Seguindo a carreira do pai, Estilicão entrou no exército romano e, ainda jovem, deve ter se destacado bastante durante o início do reinado do imperador Teodósio, o Grande, pois, já em 383 D.C., ele foi enviado como embaixador à corte de Sapor III, rei do Império dos Persas Sassânidas, para tratar da partilha da Armênia. Note-se que uma das características marcantes do reinado de Teodósio foi a preferência pelo emprego de contingentes bárbaros em detrimento dos remanescentes do exército romano tradicional.

De volta da Pérsia, Estilicão foi promovido a Conde dos Estábulos (“Comes Stabuli”), responsável pelos estábulos imperiais. um título que foi preservado durante o reino dos Francos e sobreviveria até nossos dias sob a forma inglesa “constable” (Chefe de Polícia) (ou, ainda, “condestável”, em português).

Pouco depois, Estilicão seria promovido a marechal (“Magister Militum”), e, como prova da sua alta consideração na Corte, em 384 D.C., ele se casaria com Serena, sobrinha de Teodósio, que lhe daria um filho, Euquério, e duas filhas, Maria e Termântia.
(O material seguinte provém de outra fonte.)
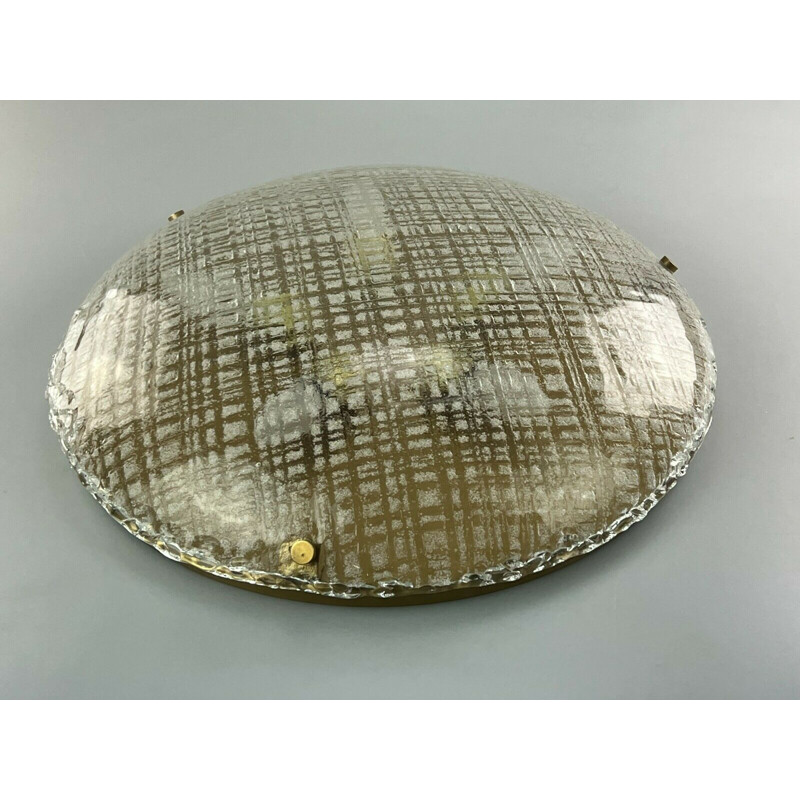 Vintage-Deckenleuchte aus Eisglas von Hillebrand, 1960-1970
Esse fato mostra que, ao contrário da maioria dos Vândalos, que professavam a heresia ariana, Estilicão era cristão ortodoxo-niceno,  credo professado pela casa de Teodósio.
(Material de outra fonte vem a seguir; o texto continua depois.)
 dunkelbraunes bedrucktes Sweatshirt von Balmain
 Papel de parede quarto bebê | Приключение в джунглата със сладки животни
Depois disso, Estilicão, como general, participou das vitórias contra os bárbaros Visigodos e Bastarnae, em 391 D.C.

Em 394 D.C, Estilicão, combatendo junto com o rei Godo Alarico, foi o principal comandante na importante Batalha do Rio Frígido, combate no qual derrotou o o usurpador Eugênio, que havia sido colocado no trono, em 392 D.C., pelo general franco Arbogaste, o homem-forte do Império do Ocidente, ambos os quais esposavam a causa do renascimento pagão, apoiado pela facção mais tradicional do Senado Romano. Com a vitória, Teodósio passou a reinar sobre as duas metades do Império, mas não por longo tempo, pois ele morreria no ano seguinte, em 395 D.C.

Em seu leito de morte, Teodósio legou o Império Romano aos seus dois filhos: Honório, que ficaria com a Parte Ocidental e que tinha 8 anos quando na morte do pai; e Arcádio, de 12 anos, que reinaria sobre a Parte Oriental. Como tutores dos garotos e, na prática, regentes de fato do Império, o imperador agonizante nomeou, em relação a Honório, o marechal Estilicão, e, para tutelar Arcádio, foi nomeado Rufino, um alto funcionário palaciano e homem de Estado.

Entrementes, após a Batalha do Rio Frígido, o rei Alarico, convicto de que os seus guerreiros eram os que mais tinham se sacrificado pela vitória de Teodósio naquela ocasião, a partir da morte deste imperador passou a exigir altas recompensas para si e para o seu povo, não obtendo, todavia, o reconhecimento pretendido. Eleito formalmente Rei pelos visigodos (relatando-se o célebre costume germânico de erguer o novo rei em cima de um escudo) – e valendo ressalvar que alguns historiadores consideram que a aclamação dele teria ocorrido anteriormente, em 391 D.C), Alarico liderou uma revolta dos Godos contra o Império Romano, chegando, inicialmente, a marchar até os muros de Constantinopla, desistindo, entretanto, de sitiar a capital em função da solidez dos seus muros. Em seguida, os Visigodos devastaram a Macedônia e a Grécia, saqueando e destruindo as históricas cidades de Corinto, Mégara. Argos e Esparta, porém poupando Atenas.

Essa incursão foi facilitada pelo fato do Exército do Oriente estar ocupado com uma incursão dos primeiros grupos de Hunos que começavam a chegar e que, décadas mais tarde, assolariam o Império unidos sob o comando de Átila.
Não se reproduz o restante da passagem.